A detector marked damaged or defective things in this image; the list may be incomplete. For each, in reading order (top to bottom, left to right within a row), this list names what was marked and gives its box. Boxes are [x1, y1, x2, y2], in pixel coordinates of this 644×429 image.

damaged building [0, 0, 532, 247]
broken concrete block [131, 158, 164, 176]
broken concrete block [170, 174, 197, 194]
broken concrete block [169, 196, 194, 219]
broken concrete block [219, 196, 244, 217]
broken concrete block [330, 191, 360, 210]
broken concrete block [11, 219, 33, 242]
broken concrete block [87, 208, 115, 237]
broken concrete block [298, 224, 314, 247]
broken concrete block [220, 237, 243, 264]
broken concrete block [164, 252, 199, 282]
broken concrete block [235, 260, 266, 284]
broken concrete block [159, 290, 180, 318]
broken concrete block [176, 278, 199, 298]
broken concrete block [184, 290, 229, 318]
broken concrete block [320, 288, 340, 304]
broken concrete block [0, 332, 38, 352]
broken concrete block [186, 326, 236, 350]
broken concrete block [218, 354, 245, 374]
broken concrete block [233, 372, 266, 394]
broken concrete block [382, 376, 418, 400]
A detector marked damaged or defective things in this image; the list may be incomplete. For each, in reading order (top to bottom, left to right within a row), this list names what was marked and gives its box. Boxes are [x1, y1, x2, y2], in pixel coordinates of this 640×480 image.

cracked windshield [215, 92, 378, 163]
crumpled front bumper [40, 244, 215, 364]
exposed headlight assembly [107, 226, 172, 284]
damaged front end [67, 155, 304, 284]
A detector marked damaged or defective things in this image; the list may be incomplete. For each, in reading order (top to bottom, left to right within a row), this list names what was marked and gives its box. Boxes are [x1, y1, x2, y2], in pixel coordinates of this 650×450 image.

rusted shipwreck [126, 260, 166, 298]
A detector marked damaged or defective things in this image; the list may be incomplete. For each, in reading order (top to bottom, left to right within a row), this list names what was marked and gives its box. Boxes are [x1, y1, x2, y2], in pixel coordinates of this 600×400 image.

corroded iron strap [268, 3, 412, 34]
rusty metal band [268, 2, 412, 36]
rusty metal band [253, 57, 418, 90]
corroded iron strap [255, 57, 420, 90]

- - - - -

Exercise aim: In full and without alteration, copy the entries.

Result of the task:
A detector marked damaged or defective things in this image; the list may be incomplete. For each, in reading order (top to bottom, left to right within a row), this list names what was marked and gives its box. Boxes are [x1, y1, x2, y2], in pixel coordinates of this 644×429 image.

damaged building [0, 0, 532, 247]
broken concrete block [131, 158, 164, 176]
broken concrete block [170, 174, 197, 194]
broken concrete block [169, 196, 194, 219]
broken concrete block [219, 196, 244, 217]
broken concrete block [330, 191, 360, 210]
broken concrete block [11, 219, 33, 242]
broken concrete block [87, 208, 115, 237]
broken concrete block [298, 224, 314, 247]
broken concrete block [220, 237, 243, 264]
broken concrete block [164, 252, 199, 282]
broken concrete block [235, 260, 266, 284]
broken concrete block [159, 290, 180, 318]
broken concrete block [176, 278, 199, 298]
broken concrete block [184, 290, 229, 318]
broken concrete block [320, 288, 340, 304]
broken concrete block [0, 332, 38, 352]
broken concrete block [186, 326, 236, 350]
broken concrete block [218, 354, 245, 374]
broken concrete block [233, 372, 266, 394]
broken concrete block [382, 376, 418, 400]
A detector marked damaged or defective things in this image; the list may be incomplete. For each, in reading order (top to bottom, left to right within a row), this list names what was marked and gives its box. Boxes are [x1, y1, x2, y2], in pixel coordinates of this 640×480 image.

cracked windshield [215, 92, 378, 163]
crumpled front bumper [40, 244, 215, 364]
exposed headlight assembly [107, 226, 172, 284]
damaged front end [67, 155, 304, 284]
A detector marked damaged or defective things in this image; the list may be incomplete. For each, in reading order (top to bottom, left to right within a row), this list names what was marked and gives its box. Boxes are [x1, y1, x2, y2], in pixel coordinates of this 650×450 image.

rusted shipwreck [126, 260, 166, 298]
A detector marked damaged or defective things in this image; the list may be incomplete. For each, in reading order (top to bottom, left to right within a row), this list names what was marked and gives its box. Boxes are [x1, y1, x2, y2], in pixel coordinates of this 600×400 image.

corroded iron strap [268, 3, 412, 34]
rusty metal band [268, 2, 412, 36]
rusty metal band [253, 57, 418, 90]
corroded iron strap [255, 57, 420, 90]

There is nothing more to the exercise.